## WHAT YOU NEED TO DO
What the response needs is every record, repeated verbatim, and no images.

Start of DATA PROVIDED

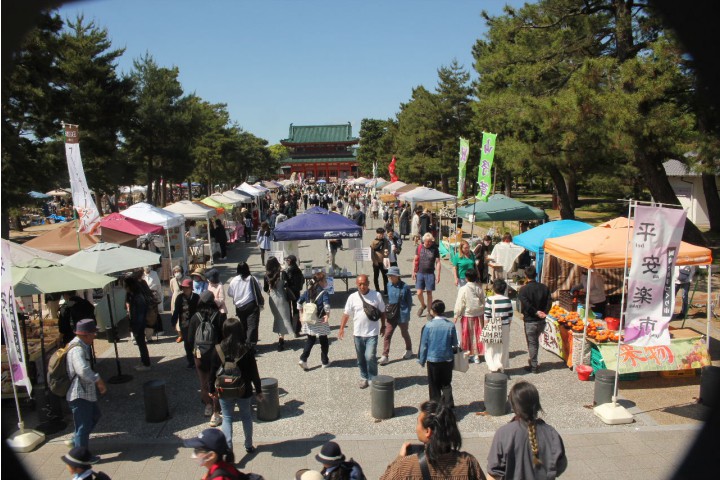 平安楽市（岡崎公園手づくり市）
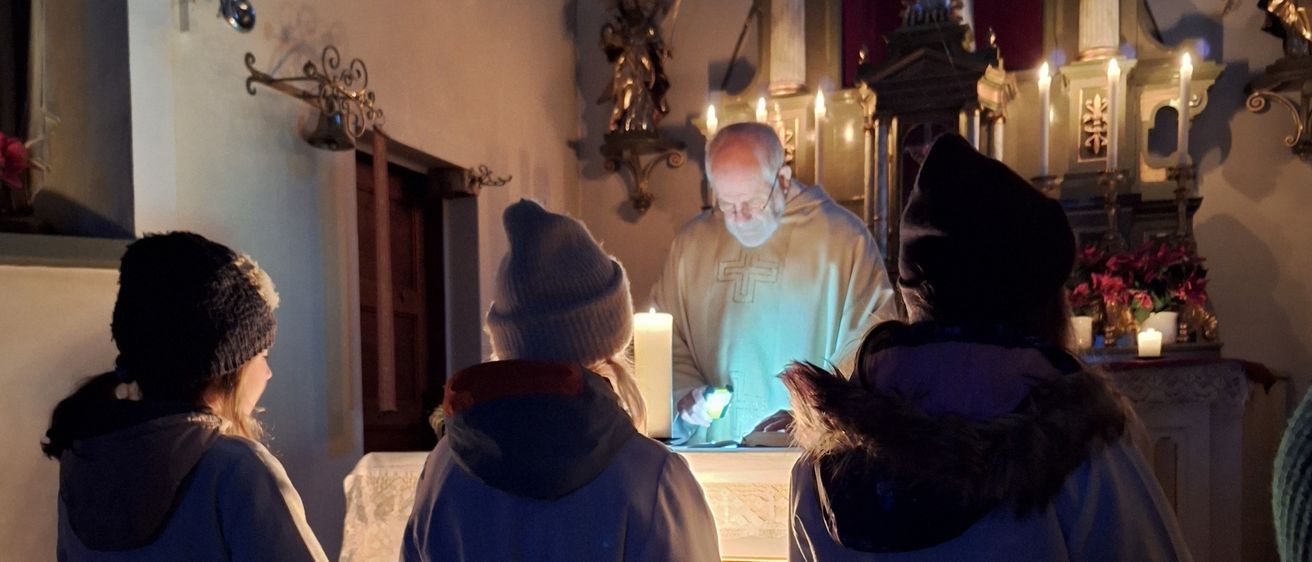 Bild enthält, Adult, Female, Person, Woman, Altar, Prayer, Male, Man, Hat, Face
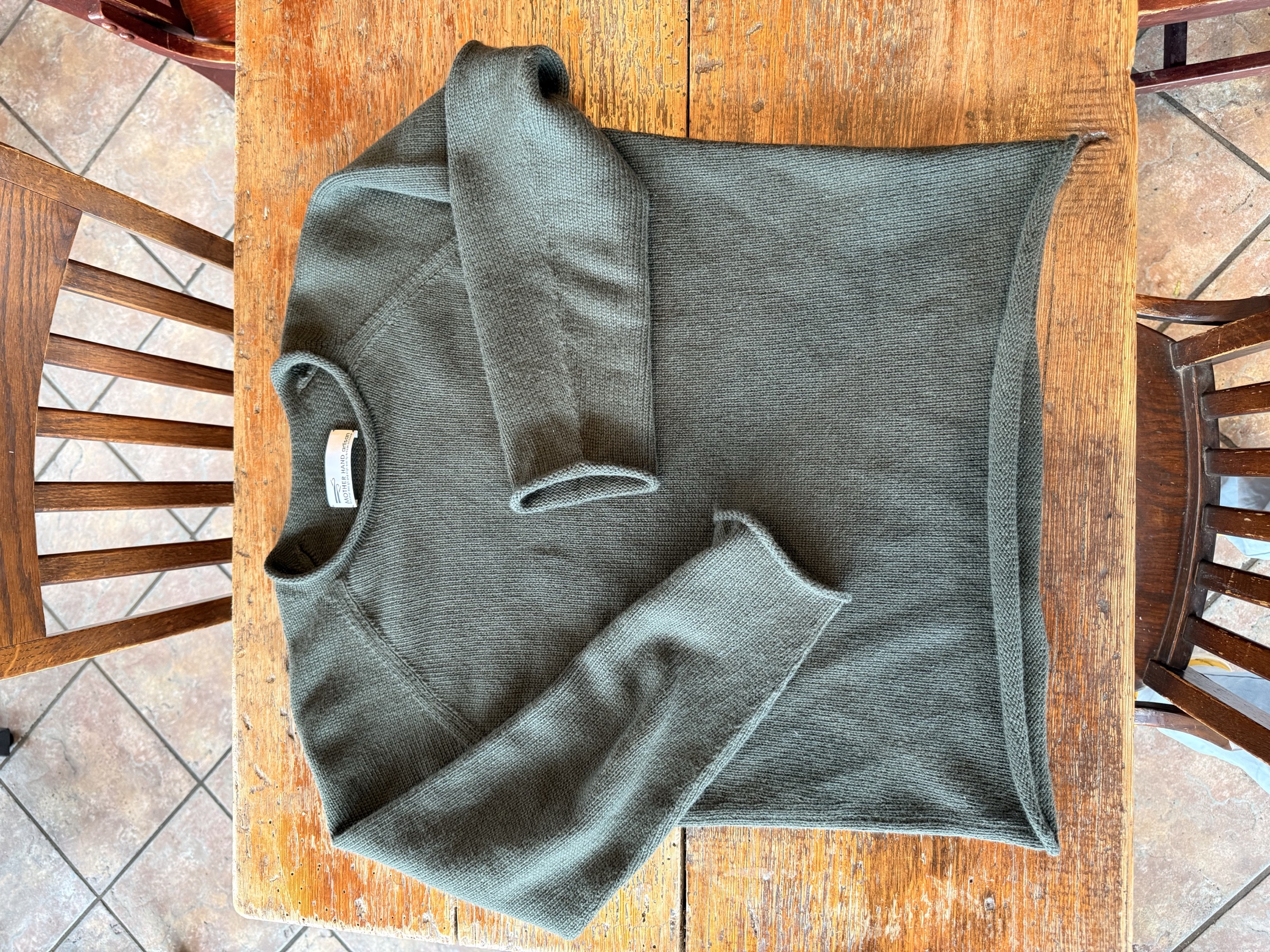 MOTHER HAND Artisan sweater — front view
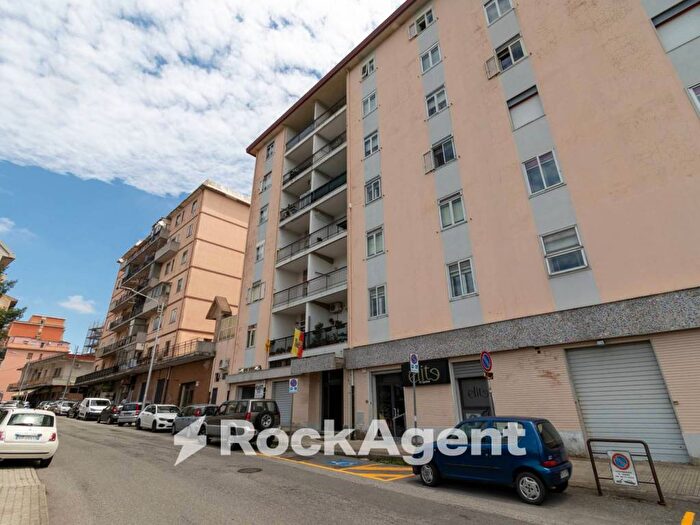 Appartamento trilocale in vendita in Via Ettore Vitale, Pontegrande Sant'Elia, Catanzaro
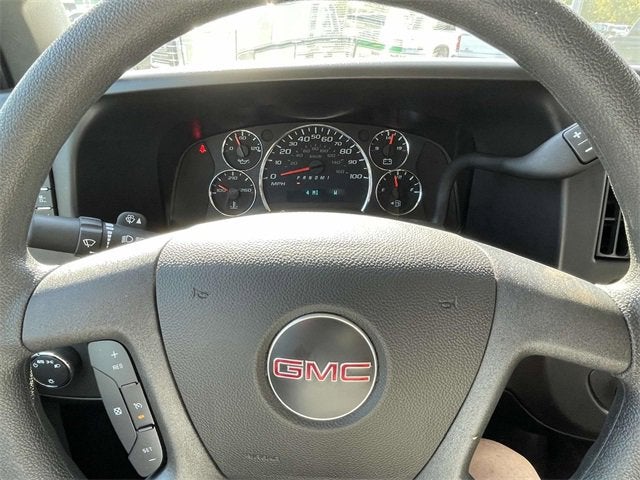 2025 GMC Savana Passenger 3500 LT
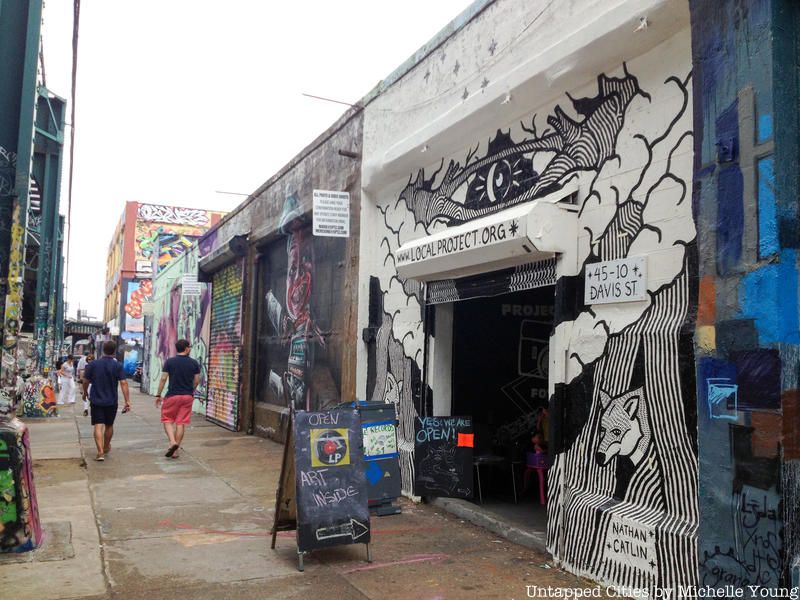 Street leading up to 5 Pointz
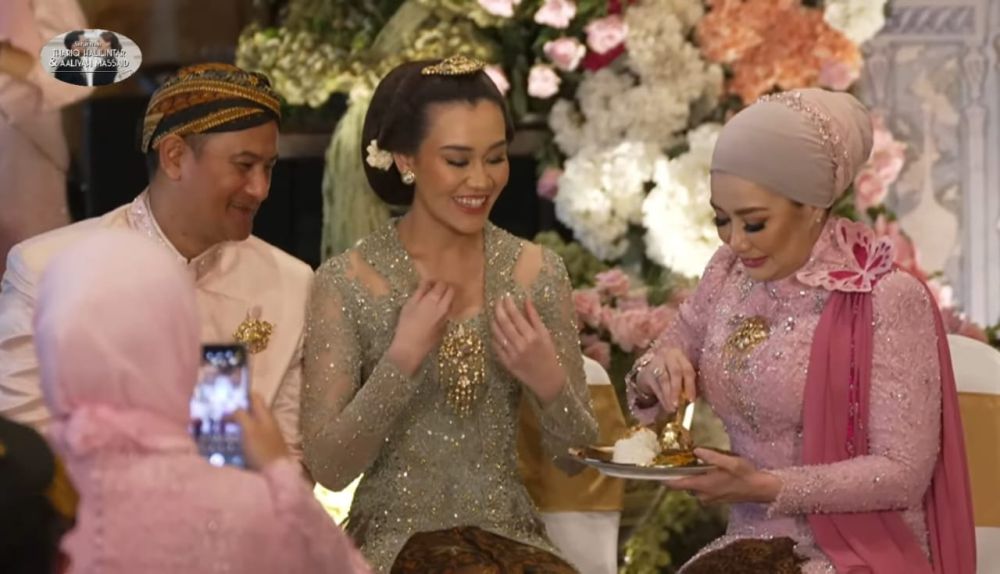 7 Gaya Aaliyah Massaid di Prosesi Dulangan, Pakai Kebaya Sage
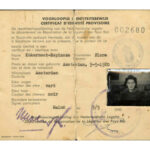 Voorlopig identiteitsbewijs van Flora Kokernoot-Espinoza, verstrekt door de repatriëringsafdeling van de Nederlandse legatie te Stockholm (1945)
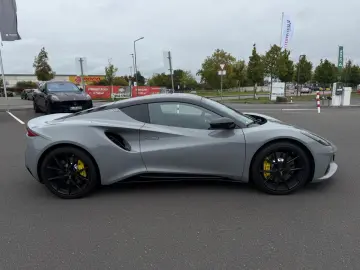 LOTUS Emira Turbo SE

End of DATA PROVIDED

## WRITTEN ANSWER
 平安楽市（岡崎公園手づくり市）
 Bild enthält, Adult, Female, Person, Woman, Altar, Prayer, Male, Man, Hat, Face
 MOTHER HAND Artisan sweater — front view
 Appartamento trilocale in vendita in Via Ettore Vitale, Pontegrande Sant'Elia, Catanzaro
 2025 GMC Savana Passenger 3500 LT
 Street leading up to 5 Pointz
 7 Gaya Aaliyah Massaid di Prosesi Dulangan, Pakai Kebaya Sage
 Voorlopig identiteitsbewijs van Flora Kokernoot-Espinoza, verstrekt door de repatriëringsafdeling van de Nederlandse legatie te Stockholm (1945)
 LOTUS Emira Turbo SE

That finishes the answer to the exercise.